An example of retirees (baby boomers) focused to yield historically, was the huge investment into finance companies prior to 2007/2008.  Retirees were looking for a higher yield than bank deposits – and they expected to get back their capital (because they thought the ‘debentures’ they were investing into were – as safe as term deposits).  As a consequence ‘retirees’ are now once again heavily focused to term deposits – a retention of capital focus.

The recently rich (non retirees) are often a tragic case of

a) lack of life experience

b) lack of financial literacy.

They seldom make smart financial decisions because of their naivety and are easy prey to product spruikers and well oiled marketing machines.  Common scenarios among these situations are residential investment property, syndicated property (commercial – multi ownership), offshore property, mentoring and coaching programmes, online trading, foreign exchange dealing, derivatives (futures and options), business ventures (hotels, cafes, start ups, online, IT).  This group falls into: recently rich;

a) a sizeable increase in income or recently rich

b) inheritors, Lotto winners, business sale.

 

People who could represent;

a) are: rock stars, sports people, business successes with ongoing large incomes.  People who represent type

b) are: inheritors, Lotto winners – business sales – however, both groups share similar threats and opportunities.
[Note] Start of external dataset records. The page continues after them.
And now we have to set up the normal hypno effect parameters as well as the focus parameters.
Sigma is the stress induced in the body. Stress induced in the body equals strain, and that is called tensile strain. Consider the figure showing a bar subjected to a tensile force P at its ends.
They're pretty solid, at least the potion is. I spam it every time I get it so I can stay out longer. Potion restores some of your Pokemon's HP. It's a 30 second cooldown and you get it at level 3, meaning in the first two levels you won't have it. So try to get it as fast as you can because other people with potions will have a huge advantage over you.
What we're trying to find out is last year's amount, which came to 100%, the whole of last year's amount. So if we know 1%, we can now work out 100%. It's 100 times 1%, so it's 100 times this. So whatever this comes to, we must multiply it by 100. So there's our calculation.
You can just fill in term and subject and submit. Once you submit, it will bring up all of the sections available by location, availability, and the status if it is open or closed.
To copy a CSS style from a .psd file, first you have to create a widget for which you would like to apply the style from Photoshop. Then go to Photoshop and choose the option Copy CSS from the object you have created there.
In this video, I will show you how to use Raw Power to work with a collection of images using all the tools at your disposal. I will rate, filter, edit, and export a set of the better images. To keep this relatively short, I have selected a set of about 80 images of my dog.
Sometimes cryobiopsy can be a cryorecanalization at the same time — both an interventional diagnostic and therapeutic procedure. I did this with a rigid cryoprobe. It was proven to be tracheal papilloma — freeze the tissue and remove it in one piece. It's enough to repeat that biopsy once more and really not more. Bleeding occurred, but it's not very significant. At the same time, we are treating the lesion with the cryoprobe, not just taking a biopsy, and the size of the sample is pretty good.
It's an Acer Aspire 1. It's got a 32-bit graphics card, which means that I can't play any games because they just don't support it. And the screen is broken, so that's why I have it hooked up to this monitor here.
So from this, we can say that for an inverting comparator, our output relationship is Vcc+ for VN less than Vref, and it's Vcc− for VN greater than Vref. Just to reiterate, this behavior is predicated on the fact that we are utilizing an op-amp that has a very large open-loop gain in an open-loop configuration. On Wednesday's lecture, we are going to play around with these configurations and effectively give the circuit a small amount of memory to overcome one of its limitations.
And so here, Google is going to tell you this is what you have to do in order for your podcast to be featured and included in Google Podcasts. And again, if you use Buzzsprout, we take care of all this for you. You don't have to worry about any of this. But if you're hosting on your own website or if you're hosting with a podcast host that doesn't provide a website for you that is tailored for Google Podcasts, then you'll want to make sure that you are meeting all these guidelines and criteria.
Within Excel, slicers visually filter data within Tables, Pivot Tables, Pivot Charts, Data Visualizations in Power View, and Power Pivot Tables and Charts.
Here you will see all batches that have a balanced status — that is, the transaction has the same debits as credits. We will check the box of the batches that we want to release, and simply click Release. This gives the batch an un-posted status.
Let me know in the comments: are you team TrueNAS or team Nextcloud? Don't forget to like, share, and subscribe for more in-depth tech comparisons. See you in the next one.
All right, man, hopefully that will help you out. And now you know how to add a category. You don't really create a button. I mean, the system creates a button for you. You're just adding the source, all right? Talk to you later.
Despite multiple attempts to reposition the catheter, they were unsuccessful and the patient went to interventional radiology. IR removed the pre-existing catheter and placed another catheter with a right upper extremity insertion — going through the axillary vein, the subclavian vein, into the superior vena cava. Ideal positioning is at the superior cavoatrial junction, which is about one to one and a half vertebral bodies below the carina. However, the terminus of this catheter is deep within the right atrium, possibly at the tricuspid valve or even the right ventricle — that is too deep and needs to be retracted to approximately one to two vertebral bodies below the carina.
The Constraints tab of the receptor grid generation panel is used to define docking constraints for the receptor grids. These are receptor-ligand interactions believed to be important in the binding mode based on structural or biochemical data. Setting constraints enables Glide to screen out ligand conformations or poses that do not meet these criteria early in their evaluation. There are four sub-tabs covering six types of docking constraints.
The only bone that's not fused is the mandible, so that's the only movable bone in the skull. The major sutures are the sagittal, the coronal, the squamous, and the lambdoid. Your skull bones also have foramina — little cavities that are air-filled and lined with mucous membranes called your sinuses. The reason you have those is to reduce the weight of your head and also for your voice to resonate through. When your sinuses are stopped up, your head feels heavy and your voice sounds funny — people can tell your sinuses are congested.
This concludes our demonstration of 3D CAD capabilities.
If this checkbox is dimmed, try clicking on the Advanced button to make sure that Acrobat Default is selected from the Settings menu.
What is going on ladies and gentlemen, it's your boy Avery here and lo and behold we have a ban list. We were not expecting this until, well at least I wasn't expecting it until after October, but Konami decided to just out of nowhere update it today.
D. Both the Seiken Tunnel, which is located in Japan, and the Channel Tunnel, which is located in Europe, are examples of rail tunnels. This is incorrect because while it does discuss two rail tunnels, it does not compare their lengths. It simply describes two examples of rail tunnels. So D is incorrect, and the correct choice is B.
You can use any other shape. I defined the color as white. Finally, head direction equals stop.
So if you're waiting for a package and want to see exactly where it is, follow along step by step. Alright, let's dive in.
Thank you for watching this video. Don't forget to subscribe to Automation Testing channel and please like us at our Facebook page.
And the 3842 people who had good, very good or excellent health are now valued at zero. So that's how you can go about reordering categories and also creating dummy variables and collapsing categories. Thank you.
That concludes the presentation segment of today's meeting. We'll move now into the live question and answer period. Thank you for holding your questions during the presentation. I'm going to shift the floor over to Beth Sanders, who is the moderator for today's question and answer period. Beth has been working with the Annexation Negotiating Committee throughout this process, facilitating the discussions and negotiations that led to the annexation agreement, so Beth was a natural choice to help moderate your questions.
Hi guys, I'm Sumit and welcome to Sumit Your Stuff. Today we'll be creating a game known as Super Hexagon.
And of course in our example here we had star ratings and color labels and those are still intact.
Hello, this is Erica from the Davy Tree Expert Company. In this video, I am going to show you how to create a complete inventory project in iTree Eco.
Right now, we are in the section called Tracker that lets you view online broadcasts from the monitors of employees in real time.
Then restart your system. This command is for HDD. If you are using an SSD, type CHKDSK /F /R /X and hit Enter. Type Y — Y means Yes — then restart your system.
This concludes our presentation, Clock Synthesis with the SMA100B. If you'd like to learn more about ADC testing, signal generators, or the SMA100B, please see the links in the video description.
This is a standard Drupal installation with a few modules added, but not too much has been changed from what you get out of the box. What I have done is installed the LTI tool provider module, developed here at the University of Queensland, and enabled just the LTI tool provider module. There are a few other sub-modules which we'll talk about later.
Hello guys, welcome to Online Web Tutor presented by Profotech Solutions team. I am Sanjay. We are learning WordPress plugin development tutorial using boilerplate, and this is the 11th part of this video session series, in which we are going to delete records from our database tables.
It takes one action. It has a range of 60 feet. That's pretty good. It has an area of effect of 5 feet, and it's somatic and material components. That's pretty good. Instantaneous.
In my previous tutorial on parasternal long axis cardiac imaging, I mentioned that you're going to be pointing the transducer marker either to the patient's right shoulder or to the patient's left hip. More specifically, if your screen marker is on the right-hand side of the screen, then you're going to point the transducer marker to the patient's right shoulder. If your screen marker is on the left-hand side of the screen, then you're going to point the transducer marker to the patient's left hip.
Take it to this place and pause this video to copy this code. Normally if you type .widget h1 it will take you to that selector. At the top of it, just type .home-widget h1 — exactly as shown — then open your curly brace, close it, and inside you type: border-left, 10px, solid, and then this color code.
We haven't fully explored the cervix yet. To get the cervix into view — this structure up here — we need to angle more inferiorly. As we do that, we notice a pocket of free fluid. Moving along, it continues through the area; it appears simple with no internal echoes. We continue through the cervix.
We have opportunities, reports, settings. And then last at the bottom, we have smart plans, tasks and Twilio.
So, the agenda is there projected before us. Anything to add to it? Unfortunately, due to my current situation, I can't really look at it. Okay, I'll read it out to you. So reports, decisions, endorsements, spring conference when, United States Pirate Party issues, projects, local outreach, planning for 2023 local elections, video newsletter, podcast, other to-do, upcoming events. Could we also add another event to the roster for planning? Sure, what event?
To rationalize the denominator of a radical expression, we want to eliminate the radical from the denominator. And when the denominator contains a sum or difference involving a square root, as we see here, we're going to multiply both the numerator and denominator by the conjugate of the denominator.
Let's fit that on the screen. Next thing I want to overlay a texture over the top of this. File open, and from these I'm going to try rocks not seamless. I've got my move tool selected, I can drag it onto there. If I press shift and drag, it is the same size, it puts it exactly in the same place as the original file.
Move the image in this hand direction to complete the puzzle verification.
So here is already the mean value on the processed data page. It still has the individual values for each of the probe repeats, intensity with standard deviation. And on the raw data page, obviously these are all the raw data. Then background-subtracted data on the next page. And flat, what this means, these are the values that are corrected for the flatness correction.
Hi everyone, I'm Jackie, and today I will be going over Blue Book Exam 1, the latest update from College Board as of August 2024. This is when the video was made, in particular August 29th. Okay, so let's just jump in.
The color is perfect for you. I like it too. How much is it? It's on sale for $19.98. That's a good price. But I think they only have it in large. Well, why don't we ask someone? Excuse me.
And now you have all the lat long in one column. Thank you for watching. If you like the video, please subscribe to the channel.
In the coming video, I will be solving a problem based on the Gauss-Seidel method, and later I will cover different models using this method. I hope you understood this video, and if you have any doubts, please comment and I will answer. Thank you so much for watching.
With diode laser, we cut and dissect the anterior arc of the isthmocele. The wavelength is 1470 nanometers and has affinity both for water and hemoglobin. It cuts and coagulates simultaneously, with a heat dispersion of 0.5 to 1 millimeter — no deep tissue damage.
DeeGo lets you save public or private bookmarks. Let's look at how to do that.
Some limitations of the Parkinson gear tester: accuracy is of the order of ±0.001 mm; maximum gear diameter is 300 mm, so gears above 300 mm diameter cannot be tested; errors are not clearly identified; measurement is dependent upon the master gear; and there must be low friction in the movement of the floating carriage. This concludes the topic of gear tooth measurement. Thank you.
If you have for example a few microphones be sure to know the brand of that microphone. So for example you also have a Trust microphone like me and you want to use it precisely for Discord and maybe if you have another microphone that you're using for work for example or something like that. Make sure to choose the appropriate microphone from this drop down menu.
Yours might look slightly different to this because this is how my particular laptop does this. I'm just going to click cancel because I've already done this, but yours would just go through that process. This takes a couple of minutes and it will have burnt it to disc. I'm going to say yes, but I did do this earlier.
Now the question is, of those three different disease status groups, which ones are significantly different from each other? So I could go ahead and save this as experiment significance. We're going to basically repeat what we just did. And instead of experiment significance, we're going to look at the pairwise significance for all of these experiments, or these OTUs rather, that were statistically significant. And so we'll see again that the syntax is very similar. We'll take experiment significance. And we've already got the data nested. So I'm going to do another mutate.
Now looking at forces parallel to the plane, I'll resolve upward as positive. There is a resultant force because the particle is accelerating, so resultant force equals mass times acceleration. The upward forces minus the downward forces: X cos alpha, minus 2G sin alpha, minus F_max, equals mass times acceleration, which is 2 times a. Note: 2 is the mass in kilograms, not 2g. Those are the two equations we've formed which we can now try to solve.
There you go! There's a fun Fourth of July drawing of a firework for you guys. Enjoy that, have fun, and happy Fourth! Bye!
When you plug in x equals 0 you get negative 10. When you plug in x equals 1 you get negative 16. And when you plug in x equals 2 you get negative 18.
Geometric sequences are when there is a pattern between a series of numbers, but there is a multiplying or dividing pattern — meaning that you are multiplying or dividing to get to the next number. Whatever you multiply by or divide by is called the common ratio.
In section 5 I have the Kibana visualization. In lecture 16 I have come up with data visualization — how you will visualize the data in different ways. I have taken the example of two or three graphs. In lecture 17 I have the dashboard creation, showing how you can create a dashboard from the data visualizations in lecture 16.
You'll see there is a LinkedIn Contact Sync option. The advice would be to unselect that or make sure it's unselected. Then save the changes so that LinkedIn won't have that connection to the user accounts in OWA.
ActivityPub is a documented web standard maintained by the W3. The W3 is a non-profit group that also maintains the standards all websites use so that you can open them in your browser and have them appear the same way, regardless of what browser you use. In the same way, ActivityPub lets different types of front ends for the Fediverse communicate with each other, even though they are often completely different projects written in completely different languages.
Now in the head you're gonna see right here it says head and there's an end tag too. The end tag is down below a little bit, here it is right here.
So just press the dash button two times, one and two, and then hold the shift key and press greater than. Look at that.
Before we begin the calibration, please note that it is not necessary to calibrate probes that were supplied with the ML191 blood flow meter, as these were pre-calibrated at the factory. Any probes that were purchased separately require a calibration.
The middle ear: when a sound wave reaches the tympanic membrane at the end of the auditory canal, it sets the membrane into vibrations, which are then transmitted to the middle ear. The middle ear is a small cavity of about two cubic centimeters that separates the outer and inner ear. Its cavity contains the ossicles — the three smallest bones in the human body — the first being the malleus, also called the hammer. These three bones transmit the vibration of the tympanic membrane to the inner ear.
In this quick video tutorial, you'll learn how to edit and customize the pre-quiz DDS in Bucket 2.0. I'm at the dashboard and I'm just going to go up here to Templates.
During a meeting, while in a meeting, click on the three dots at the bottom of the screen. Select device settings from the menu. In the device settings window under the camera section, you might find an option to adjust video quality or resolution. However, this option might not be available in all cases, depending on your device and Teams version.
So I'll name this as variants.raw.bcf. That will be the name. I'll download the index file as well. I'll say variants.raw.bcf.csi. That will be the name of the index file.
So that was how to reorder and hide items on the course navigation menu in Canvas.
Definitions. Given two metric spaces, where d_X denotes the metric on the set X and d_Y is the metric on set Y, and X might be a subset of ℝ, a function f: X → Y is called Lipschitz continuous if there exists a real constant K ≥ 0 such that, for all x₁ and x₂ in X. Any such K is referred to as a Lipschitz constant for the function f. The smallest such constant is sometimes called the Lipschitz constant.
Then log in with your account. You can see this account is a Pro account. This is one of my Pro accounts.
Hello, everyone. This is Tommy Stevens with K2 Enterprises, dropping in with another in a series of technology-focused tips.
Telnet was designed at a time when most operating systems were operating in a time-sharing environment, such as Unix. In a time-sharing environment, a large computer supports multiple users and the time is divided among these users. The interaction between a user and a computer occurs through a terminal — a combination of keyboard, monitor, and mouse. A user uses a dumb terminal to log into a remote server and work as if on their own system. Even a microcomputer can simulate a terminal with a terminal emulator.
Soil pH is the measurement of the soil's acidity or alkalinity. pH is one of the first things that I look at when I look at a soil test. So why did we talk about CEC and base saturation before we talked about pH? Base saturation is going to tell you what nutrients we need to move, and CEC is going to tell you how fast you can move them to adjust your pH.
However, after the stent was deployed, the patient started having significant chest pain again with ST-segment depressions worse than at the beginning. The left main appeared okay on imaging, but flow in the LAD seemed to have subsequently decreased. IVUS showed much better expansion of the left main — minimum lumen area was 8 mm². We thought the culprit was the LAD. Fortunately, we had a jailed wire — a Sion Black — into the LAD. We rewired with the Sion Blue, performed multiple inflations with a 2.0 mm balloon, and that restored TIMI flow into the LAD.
What to do with recent windfalls – either, income, capital or both – without self destructing from over indulgence.  The biggest issue with these people is daily decisions and daily disciplines.  Health, relationships and money are all either – at risk or wonderfully enjoyable.

 

For both scenarios – Winners and Retirees.  Newly rich (from income or capital) and people with money in the bank – what is needed is time and due diligence.  The average New Zealander thinks the wealthy make fast decisions.  That is not the case – they take time to analyse and set time framed goals which are measurable.  The wealthy know five key investment secrets:

 

  1. Behaviour.  95% of success with investing comes from your behaviour.  Create a plan.  Take advice.  Work as a team.  Avoid big mistakes.
  2. Accumulate.  Keep putting money aside.  Reserves, alternative funds.
  3. Time.  Time is the best friend of investors if compounding interest is given the time to work.
  4. Inflation.  Is the enemy.  Purchasing power retention is critical.
  5. Avoid the Big Mistakes.  Panic (media beat ups).  Over confidence.  Under diversification.  Focus only to yield and not total return.  Speculation.  Over leverage.  Letting costs, fees, tax determine investment decisions.

 

 

There is no one off silver bullet with investing.  Just as there is no one off silver bullet with health and fitness and no one off silver bullet with relationships.  On the other hand a one off ‘Big Mistake’ can seriously disaffect all three.

The wealthy know how to mitigate those risks and it is seldom because they have more discipline than the ‘not so well off’.  They just have a better team around them.

 

 

 

The information provided in this blog is not intended to be a substitute for professional advice. You may seek appropriate personalised financial advice from a qualified professional to suit your individual circumstances.